Também participaram o Navio-Patrulha Oceânico “Apa”, do Comando do 1º Distrito Naval, o Navio de Apoio Oceânico “Mearim”, do Comando do 5º Distrito Naval, e a aeronave P-3AM “Orion”, da Força Aérea Brasileira.

Foram realizados exercícios como saída de porto com ameaça assimétrica, com simulação de aproximação de embarcações hostis; navegação sob baixa visibilidade, navegação em canal varrido; trânsito com oposição de superfície e submarina; salto livre operacional (SLOp); exercícios de tiro sobre alvo de superfície e uso de granada iluminativa; light-line, procedimento no qual os navios mantêm aproximação alinhada para transferência de cabos e materiais, e transferência de carga leve; além de manobras táticas e lançamento de torpedo de exercício Mk-46.

Alguns desses exercícios apresentam alta complexidade e exigem elevado nível de planejamento e engajamento dos meios envolvidos. Entre eles, destaca-se o salto livre operacional (SLOp), que consiste na infiltração de militares do Grupamento de Mergulhadores de Combate a partir de helicóptero no Submarino “Tikuna”. O lançamento de torpedo Mk-46, realizado pela Fragata “Independência”, também exige elevado grau de coordenação logística e operacional.

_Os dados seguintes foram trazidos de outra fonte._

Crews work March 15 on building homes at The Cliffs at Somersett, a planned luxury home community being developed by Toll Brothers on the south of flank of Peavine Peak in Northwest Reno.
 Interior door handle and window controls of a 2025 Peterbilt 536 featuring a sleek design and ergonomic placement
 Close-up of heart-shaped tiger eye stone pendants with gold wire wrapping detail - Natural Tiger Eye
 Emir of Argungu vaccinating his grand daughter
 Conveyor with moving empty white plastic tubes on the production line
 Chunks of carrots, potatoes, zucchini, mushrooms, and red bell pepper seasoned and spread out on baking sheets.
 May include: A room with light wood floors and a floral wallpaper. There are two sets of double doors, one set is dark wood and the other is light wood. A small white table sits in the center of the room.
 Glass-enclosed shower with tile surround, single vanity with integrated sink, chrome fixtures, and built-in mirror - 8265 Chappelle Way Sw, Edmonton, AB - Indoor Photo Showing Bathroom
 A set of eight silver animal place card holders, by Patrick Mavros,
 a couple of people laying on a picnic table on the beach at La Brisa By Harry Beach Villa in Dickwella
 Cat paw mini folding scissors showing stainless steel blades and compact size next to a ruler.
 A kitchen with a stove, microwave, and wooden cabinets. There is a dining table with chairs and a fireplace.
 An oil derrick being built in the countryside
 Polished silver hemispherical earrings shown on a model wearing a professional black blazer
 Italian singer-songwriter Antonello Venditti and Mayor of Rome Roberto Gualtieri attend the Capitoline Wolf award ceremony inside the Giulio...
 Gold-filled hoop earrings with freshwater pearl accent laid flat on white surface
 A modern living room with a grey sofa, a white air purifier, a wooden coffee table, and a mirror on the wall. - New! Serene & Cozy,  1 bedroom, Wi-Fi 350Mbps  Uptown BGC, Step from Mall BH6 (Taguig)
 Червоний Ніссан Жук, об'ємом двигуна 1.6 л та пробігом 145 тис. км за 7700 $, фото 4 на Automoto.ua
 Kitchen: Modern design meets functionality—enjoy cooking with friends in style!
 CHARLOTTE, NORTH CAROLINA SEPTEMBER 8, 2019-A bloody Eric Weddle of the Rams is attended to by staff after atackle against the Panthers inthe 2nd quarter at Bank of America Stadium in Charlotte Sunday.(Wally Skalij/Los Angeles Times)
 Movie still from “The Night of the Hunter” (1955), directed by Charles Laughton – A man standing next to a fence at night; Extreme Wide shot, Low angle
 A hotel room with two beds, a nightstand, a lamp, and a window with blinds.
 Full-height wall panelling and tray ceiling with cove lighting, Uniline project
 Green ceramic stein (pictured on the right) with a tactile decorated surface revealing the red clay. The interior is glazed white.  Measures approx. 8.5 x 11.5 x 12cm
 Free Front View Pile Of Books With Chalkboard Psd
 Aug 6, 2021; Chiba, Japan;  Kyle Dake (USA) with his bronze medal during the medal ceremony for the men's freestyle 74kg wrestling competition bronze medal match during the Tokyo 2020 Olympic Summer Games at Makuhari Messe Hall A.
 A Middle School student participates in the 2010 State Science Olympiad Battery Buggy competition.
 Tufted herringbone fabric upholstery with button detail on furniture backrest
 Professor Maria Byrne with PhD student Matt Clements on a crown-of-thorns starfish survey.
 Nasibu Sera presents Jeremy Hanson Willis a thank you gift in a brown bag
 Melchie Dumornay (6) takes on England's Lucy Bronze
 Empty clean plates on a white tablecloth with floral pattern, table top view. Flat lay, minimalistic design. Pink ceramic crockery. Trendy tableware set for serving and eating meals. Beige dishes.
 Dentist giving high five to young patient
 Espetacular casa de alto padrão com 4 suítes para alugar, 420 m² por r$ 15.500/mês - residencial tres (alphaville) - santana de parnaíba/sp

Momento exato do disparo de torpedo de exercício MK-46 a bordo da Fragata “Independência” (F44) – Imagem: Segundo-Tenente Ribeiro/Marinha do Brasil

Melhorias no sistema de comunicação e geolocalização

Como parte do aprimoramento das capacidades operativas, a MB emprega o Sistema de Planejamento, Execução e Controle Tático em Rede Ampliada (SPECTRA), desenvolvido pelo Centro de Apoio a Sistemas Operativos (CASOP), voltado ao apoio às atividades de Comando, Controle e Comunicações.

Nesse contexto, o módulo de navegação utiliza informações de sensores do Global Positioning System (GPS) e do Automatic Identification System (AIS) para aprimorar a geolocalização e o acompanhamento das atividades operacionais da Esquadra.

Já o módulo de comunicação tem por objetivo implementar a troca de dados digitais entre navios por meio de chat, ponto a ponto ou em grupo, além do compartilhamento de arquivos, mensagens padronizadas e até chamadas de vídeo. O sistema passou por diversas fases de testes e, neste ano, encontra-se em implementação gradual nos meios navais da Esquadra.

Reboque do casco do ex-Submarino “Timbira” pelo Navio de Apoio Oceânico “Mearim” – Imagem: Segundo-Tenente Raphael Augusto/Marinha do Brasil

Afundamento do casco do ex-Submarino “Timbira”

A comissão “ADEREX” incluiu o afundamento controlado do casco do ex-Submarino “Timbira”, utilizado como alvo para o lançamento de armas por meios navais e aeronavais da Esquadra. Construído no Arsenal de Marinha do Rio de Janeiro, o Submarino “Timbira” foi o segundo da Classe “Tupi” e serviu à MB entre 1996 e 2023, quando foi descomissionado.

Resgate de tripulante de Navio Mercante por meio de aeronave da Marinha

Em 16 de abril, durante a comissão e em coordenação com o SALVAMAR SUESTE, foi realizada uma evacuação aeromédica com aeronave SH-16, orgânica do Navio de Desembarque de Carros de Combate “Almirante Saboia”.

O resgatado, tripulante do navio mercante “Wisdom”, encontrava-se a cerca de 280 milhas náuticas (aproximadamente 500 km) ao sul de Cabo Frio, com suspeita de acidente vascular cerebral.

O resgate foi realizado por meio de içamento por cabo (pick-up), sendo o paciente transportado até o Aeroporto Santos Dumont, no Rio de Janeiro, de onde seguiu para uma unidade de saúde.

O tripulante do Navio Mercante “Wisdom”, que se encontrava a cerca de 280 milhas náuticas (aproximadamente 500 km) ao sul de Cabo Frio, apresentava suspeita de acidente vascular cerebral.

O resgatado foi retirado do Navio Mercante por meio de içamento por cabo (pick-up) pela aeronave SH-16 e transportado até o Aeroporto Santos Dumont, no Rio de Janeiro, de onde seguiu para uma unidade de saúde.